To raise awareness of his "sensible" approach to environmental issues, Dr. Patrick Moore participates in various events—a few of which are described below.
To celebrate Earth Day 2004, Dr. Moore participated in festivities being held in New York's Central Park-where he emphasized the achievements that have been made in North America since the first Earth Day was held more than 30 years ago.
Although there are still many environmental issues to address, Dr. Moore believes that it's important to recognize how far we've come as a society. As he said at the time, "North Americans have cleaner air and water, more abundant forests, and longer life expectancies. There's a lot of work yet to be done, but that shouldn't stop us from celebrating our accomplishments. They motivate and give us faith that we can do more."
On the flip side, Dr. Moore and writer Nick Schulz contributed an Earth Day op/ed to the San Francisco Chronicle pointing out that, while developed countries have enjoyed tremendous progress, this has not been the case in the developing world—a problem they blame, in part, on the "anti-development, anti-technology and, in the final analysis, anti-human" agenda of the current environmental movement.
Building on radio interviews conducted during the week prior to Earth Day, Dr. Moore kicked off the Central Park event with back-to-back satellite interviews with 18 national television networks and their affiliates.
At the height of last year's devastating forest fire season, Dr. Moore conducted a series of media interviews to warn people that action is needed to reduce the risk of catastrophic wildfires.
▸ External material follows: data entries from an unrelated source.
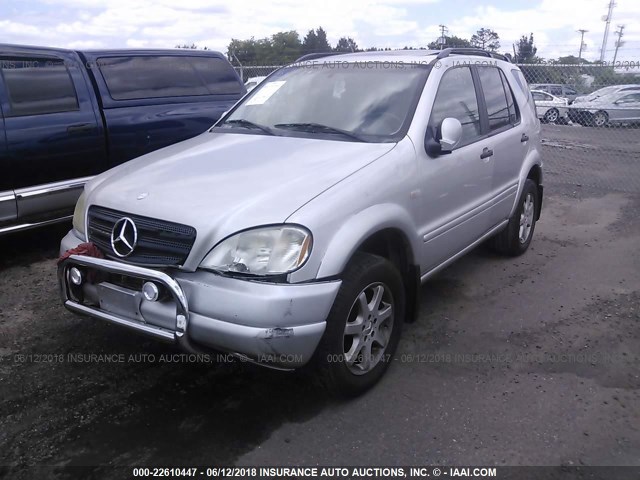 4JGAB72E6XA096166 - 1999 MERCEDES-BENZ ML 430 SILVER photo 2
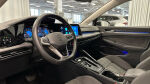 Volkswagen Golf 2024 Musta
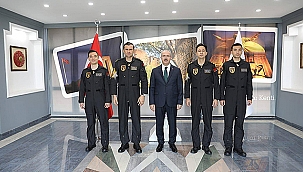 SOLOTÜRK EKİBİNDEN VALİ TORAMAN'A ZİYARET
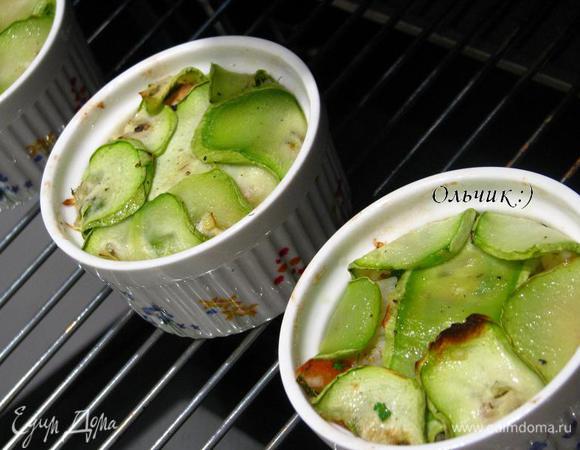 Отправляем в духовку на 15 минут при 200 градусах.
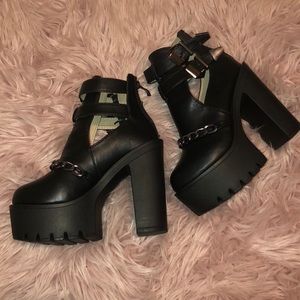 Super cute goth platform booties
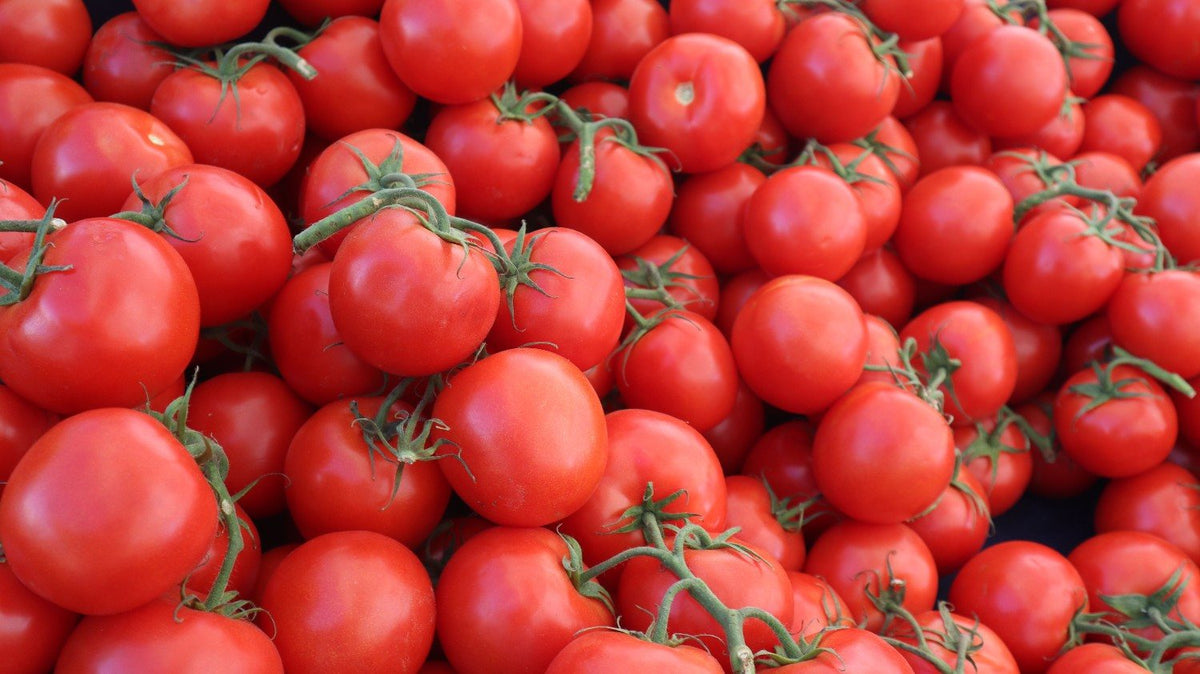 Are Tomatoes Low FODMAP? Serving Sizes, Hidden Alliums, and Cooking Tips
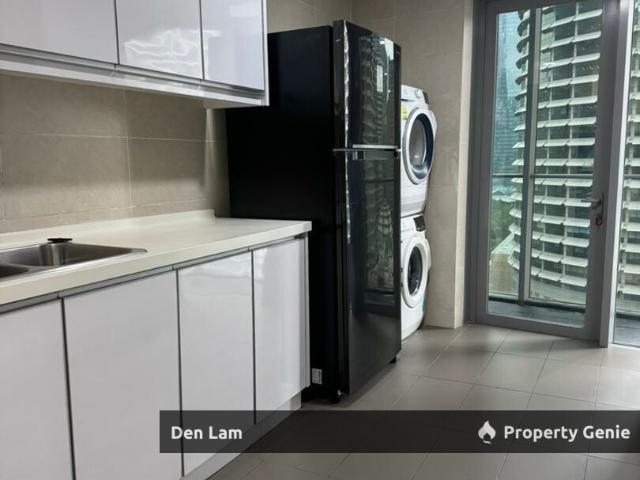 K fesidence KLCC Below Value Nice unit For sale !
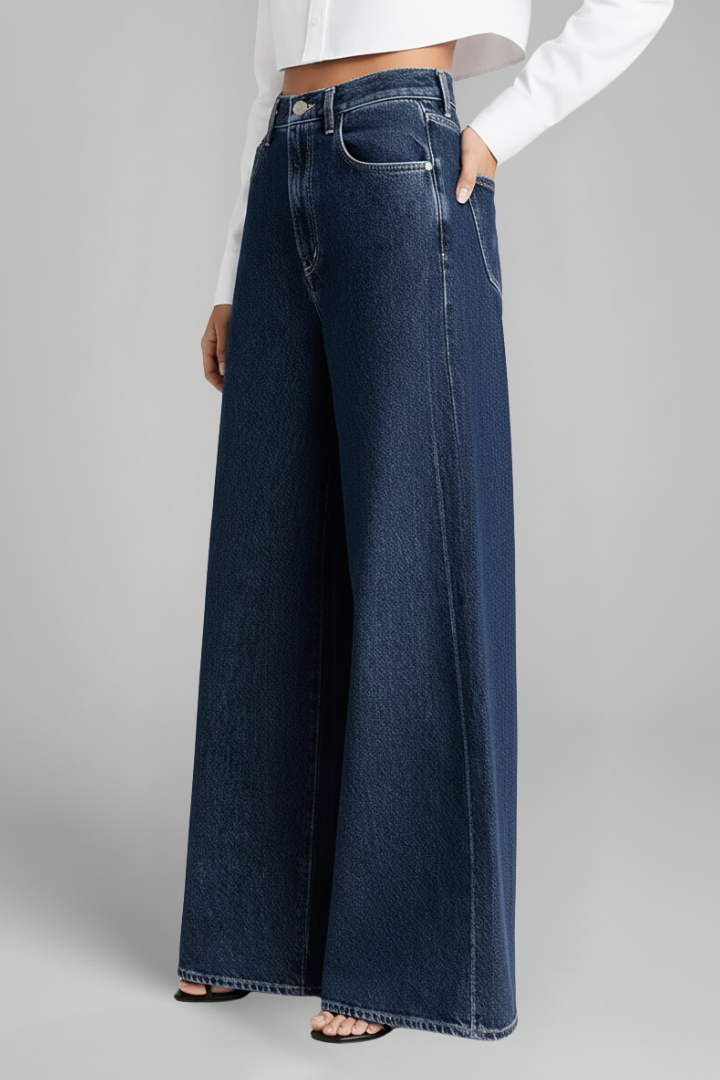 Women’s Wide-Leg Jeans with High Waist and Front Fastening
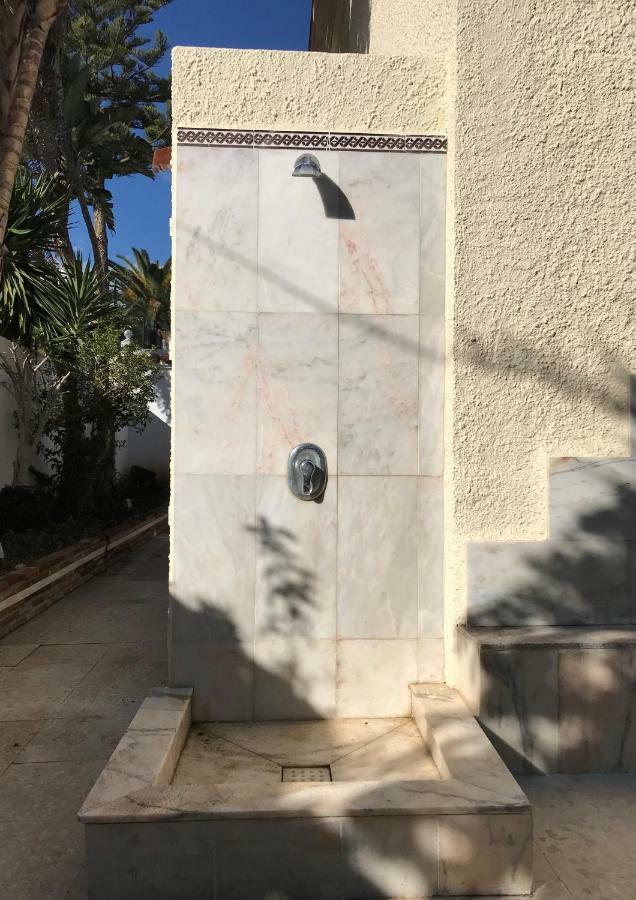 Marbella Villa On The Beach Exteriör bild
Broadcasting via satellite from the site of an earlier fire that destroyed nearly 103,000 acres (41,200 hectares), he conducted 18 television interviews emphasizing the need to remove dead wood, thin undergrowth and otherwise manage our forests.
"Throughout history, fires have contributed to the health of forest ecosystems by burning underbrush and smaller trees and leaving the large ones mostly intact," he said. "Today, forests are surrounded by communities, so we suppress fire as much as we can. Unfortunately, this creates an unnatural build-up of what can best be described as fuel for fires that are much, much worse. By actively managing these forests we can reduce this threat."
Moore's television appearances were supported with radio interviews that aired on 128 stations—including three nationally syndicated networks.